Bilevel Optimization over Saddle Points of Zero-Sum Markov Games¶

Conference: ICML2026
arXiv: 2605.26654
Code: None
Area: Reinforcement Learning
Keywords: Bilevel Optimization, Zero-Sum Markov Games, Policy Gradient, Nikaido-Isoda Function, Saddle Point Equilibrium

TL;DR¶

The PANDA algorithm is proposed to solve bilevel RL problems where the lower level is a regularized zero-sum Markov game. By employing a penalty reformulation based on the Nikaido-Isoda function and utilizing purely first-order policy gradient methods, it achieves an iteration complexity of \(\tilde{O}(\epsilon^{-1})\) and a sample complexity of \(\tilde{O}(\epsilon^{-3})\), matching the best-known rates for single-policy lower-level BRL.

Background & Motivation¶

Background: Bilevel Reinforcement Learning (BRL) is a powerful paradigm for modeling hierarchical decision-making: the upper-level (UL) learner optimizes high-level variables (e.g., incentive parameters, reward design), while the lower-level (LL) solves an RL problem under the influence of these variables. Recently, algorithms such as PARL, HPGD, SoBiRL, and First-Order BRL have been proposed with theoretical convergence guarantees.

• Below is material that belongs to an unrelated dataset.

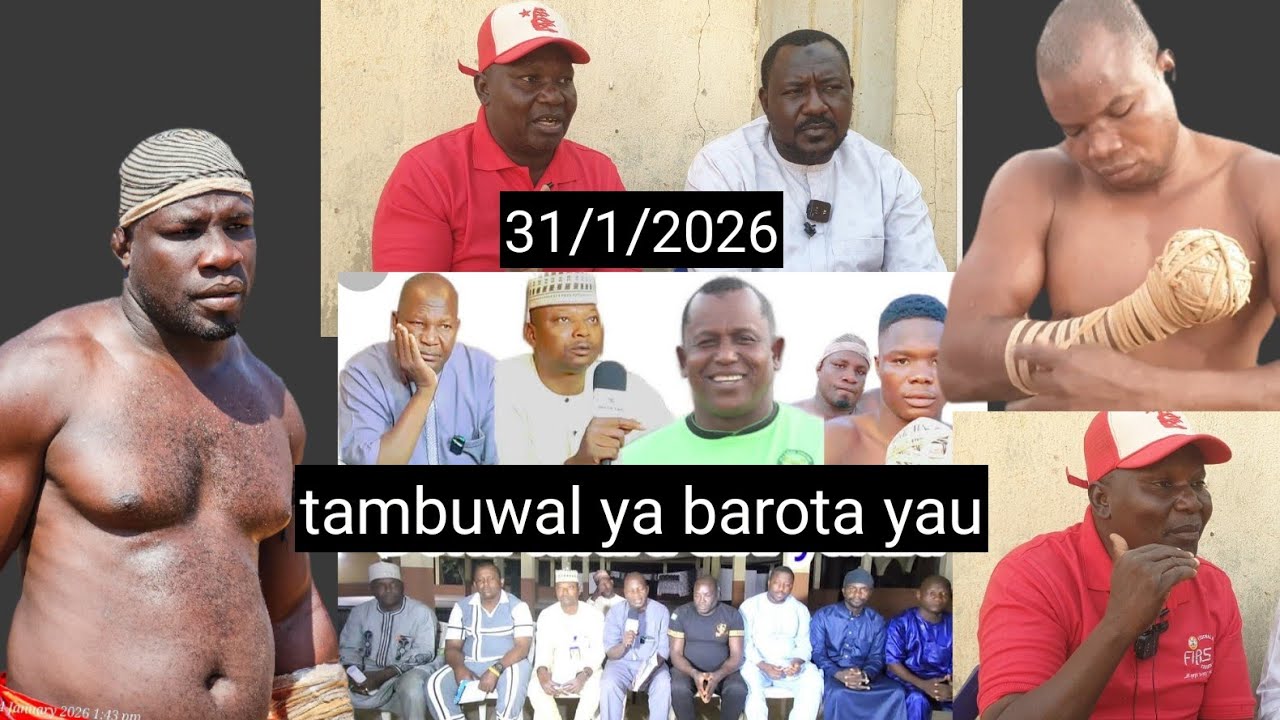 31/1/2026 wata sabuwa wallahi tambuwal ya baro ta yayi wasu zafafan magan gannu yau a sokoto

Limitations of Prior Work: Existing BRL methods almost exclusively assume the lower level is a single-policy MDP (with only one agent performing max or min), failing to handle multi-agent adversarial structures. However, in scenarios such as incentive design and RLHF preference learning, the lower level naturally involves a coupled game between two adversarial policies. Directly transferring single-policy BRL methods to min-max game settings fails—for instance, the hypergradient derivations in HPGD/SoBiRL rely on the closed-form optimal policy characteristics of single-policy MDPs, which do not hold under coupled dual-policy optimization.

Key Challenge: The strategic coupling of two adversarial policies in zero-sum Markov games makes algorithm design inherently more difficult. Existing approaches for this setting are either heuristic without convergence guarantees (Meta-Gradient), rely on computationally expensive second-order information such as the Hessian inverse (DA), or only converge to stationary points of a penalty surrogate problem rather than the original problem (PBRL).

Goal: To design a stochastic first-order method for solving bilevel optimization problems where the lower level is a regularized min-max zero-sum Markov game (MMZSMG), termed BOSMG, while achieving provably efficient iteration and sample complexity.

Key Insight: Utilize the Nikaido-Isoda (NI) function to characterize the degree of policy deviation from equilibrium—the NI function is non-negative and zero if and only if the policy pair is a Nash equilibrium. By adding the NI function as a penalty term to the upper-level objective, the bilevel constrained problem is transformed into an unconstrained penalty optimization, thereby avoiding hypergradient computation. Furthermore, the inherent structure of regularized MMZSMG (unique equilibrium and the non-uniform PŁ property of the NI function) is leveraged to ensure convergence to approximate stationary points of the original problem.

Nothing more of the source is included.